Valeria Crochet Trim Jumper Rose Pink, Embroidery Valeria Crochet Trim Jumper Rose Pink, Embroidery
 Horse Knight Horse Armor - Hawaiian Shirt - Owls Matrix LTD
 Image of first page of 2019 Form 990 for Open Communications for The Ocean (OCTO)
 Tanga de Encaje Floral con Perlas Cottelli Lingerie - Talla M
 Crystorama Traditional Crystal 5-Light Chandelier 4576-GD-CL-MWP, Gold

----------

WORK INSTRUCTION:
Please write out every record shown above exactly as it reads.

RESPONSE BELOW:
Valeria Crochet Trim Jumper Rose Pink, Embroidery Valeria Crochet Trim Jumper Rose Pink, Embroidery
 Horse Knight Horse Armor - Hawaiian Shirt - Owls Matrix LTD
 Image of first page of 2019 Form 990 for Open Communications for The Ocean (OCTO)
 Tanga de Encaje Floral con Perlas Cottelli Lingerie - Talla M
 Crystorama Traditional Crystal 5-Light Chandelier 4576-GD-CL-MWP, Gold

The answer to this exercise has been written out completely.